What Did We Expect Would Happen in 2019?
Last year at this time in my end of 2018 post, which you can read here, I talked about four things that we saw last year and expected to continue in 2019. Here’s the list as a quick recap:
- Develop Internal Capability (for change management)
- Leadership Coaching
- Agile and Agile
- Portfolio Level OCM
What Did We Actually See with Respect to These Items During 2019?
Develop Internal Capability
Definitely a big theme for the year and expected to continue again in 2020, we have seen and continue to see a strong trend in bringing change management capability in-house. Clients are establishing change functions within their organizations to support their portfolio of projects.
Change offices or teams are being established mostly in the traditional places we’ve seen focus on change management in the past, i.e. they are being setup under HR’s purview or in some cases in an existing PMO, transformation or strategy office.
Interestingly we saw change management shift away from HR in previous years only to see a swing back in that direction this year—could be a coincidence based on a small sample size or could be indicative of a wider trend.
This has continued to be a strong theme throughout 2019 and we expect this to continue. In fact, I doubt that we’ll be talking about this as a trend in future years, as effectively preparing leaders to fulfil their roles on a change initiative is just part of good and leading practice. I expect that to be a constant going forward.
Agile and agile
This trend really didn’t continue during 2019, or at least not in the way we expected. As a firm our clients during 2019 were running mostly Waterfall project methodologies and very few of our practitioners (on the Project Management or Change Management sides of house) worked on agile projects this year.
What I can definitely say is that there is a strong tendency for IT projects related to SAAS and Cloud based software to be agile, and projects with on premise solutions tending to be Waterfall. However, whilst it is still there, demand for agile change management didn’t balloon as expected during 2019.
Portfolio Level OCM
The demand is definitely increasing, but organizations taking this seriously and devoting resources to it are still few and far between. We’re seeing more focus on program and portfolio level change in organizations with the most mature change practices. I think this trend will continue but it will do so slowly and over a number of years. It might be another 3-5 years before organizational focus on the people side of programs and portfolios becomes the norm.
New Trends During 2019
There has been one major and noticeable trend in the conversations we’ve been having around change management during 2019 that is particularly noteworthy.
The Future of Work
The future of work and its impacts on people has absolutely exploded as a topic of conversation and focus for change practitioners this year.

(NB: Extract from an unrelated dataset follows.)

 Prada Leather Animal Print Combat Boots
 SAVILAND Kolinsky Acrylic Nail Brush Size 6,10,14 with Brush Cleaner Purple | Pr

There is a broad conversation continuing across almost every industry about the future of work, the impacts of AI, robotics and cognitive tools, as well as the changing demographic of the workplace. This isn’t new to 2019 but there has been a significant and noticeable increase in the focus on this topic of conversation this year.
What is abundantly clear is that as products derived from advances in AI and robotics become increasingly commercially available, we’re going to be asked to support more and more projects implementing technologies which have huge impacts on the way people work.
Governments, think tanks, academics and future thinkers are grappling with what may once have seemed the far-fetched reality that humans may not really be needed to do much work at all—which might be some way off today, but we’re moving towards that future faster than some of us realize. We will all be working on projects over the next decade which move us towards that future. It is literally happening as we speak.
In thinking about the rate of change and the types of change we are going to see more of, I am reminded of the book Future Shock by futurists Alvin and Heidi Toffler (Random House, 1970). Their brief definition for the term “future shock” being: “too much change in too short a period of time.” How prescient an observation that may prove to be and one that we as change practitioners should keep a wary eye open for.
We talk about change fatigue, i.e. the exhaustion people feel after being exposed to too much change. I have not yet seen or heard of anyone suffering with change fatigue to the point where we may say that are suffering from “future shock,” but I no longer feel that this is such a crazy, sci-fi sounding term that would be better suited to a comic book or Marvel movie than a change management text.
If anyone reading this blog has examples of where the rate of change became so extreme that employees were resigning or having mental health problems as a result I would love to hear about your experiences. Exploring links between change management and mental health is one of those ideas that keeps floating around in the back of my head, something perhaps for us to talk more about in 2020?
Particularly as the trend to develop stronger change capability in-house continues, I believe that some serious focus should be applied to building organizational resilience to change. It’s great setting up change functions to ensure consistent delivery of change management to ongoing projects. However, we also need to set them up to help organizations become more resilient to change overall, regardless of what projects and programs they have in flight.